Psychophysiological responses to visceral and somatic pain in functional chest pain identify clinically relevant pain clusters

Background: Despite chronic pain being a feature of functional chest pain (FCP) its experience is variable. The factors responsible for this variability remain unresolved. We aimed to address these knowledge gaps, hypothesizing that the psychophysiological profiles of FCP patients will be distinct from healthy subjects. Methods: 20 Rome III defined FCP patients (nine males, mean age 38.7 years, range 28-59 years) and 20 healthy age-, sex-, and ethnicity-matched controls (nine males, mean 38.2 years, range 24-49) had anxiety, depression, and personality traits measured.
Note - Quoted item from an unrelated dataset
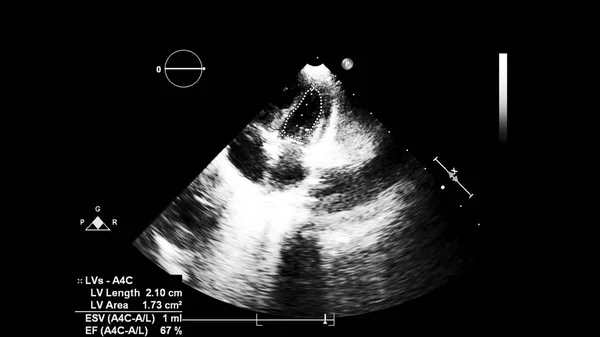 経食道超音波検査時のグレースケールモードで心臓の画像 — ストック写真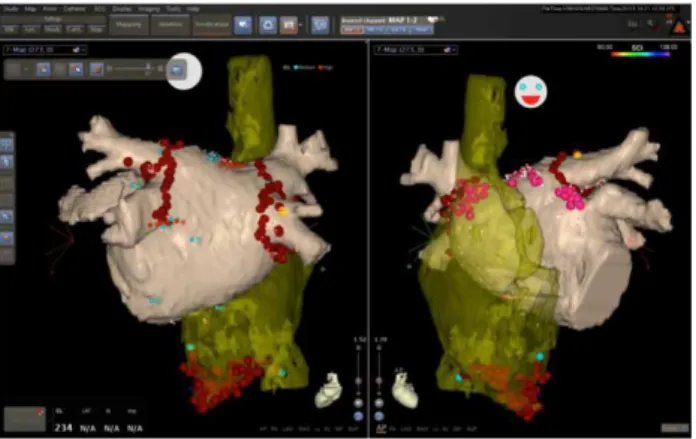 Figure 3.  Electroanatomical mapping using NavX system (St. Jude Medical, St.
Subjects had sympathetic and parasympathetic nervous system parameters measured at baseline and continuously thereafter. Subjects received standardized somatic (nail bed pressure) and visceral (esophageal balloon distension) stimuli to pain tolerance. Venous blood was sampled for cortisol at baseline, post somatic pain and post visceral pain. Key Results: Patients had higher neuroticism, state and trait anxiety, and depression scores but lower extroversion scores vs controls (all p < 0.005). Patients tolerated less somatic (p < 0.0001) and visceral stimulus (p = 0.009) and had a higher cortisol at baseline, and following pain (all p < 0.001). At baseline, patients had a higher sympathetic tone (p = 0.04), whereas in response to pain they increased their parasympathetic tone (p ≤ 0.008). The amalgamating the data, we identified two psychophysiologically distinct 'pain clusters'. Patients were overrepresented in the cluster characterized by high neuroticism, trait anxiety, baseline cortisol, pain hypersensitivity, and parasympathetic response to pain (all p < 0.03). Conclusions & Inferences: In future, such delineations in FCP populations may facilitate individualization of treatment based on psychophysiological profiling. © 2013 John Wiley & Sons Ltd.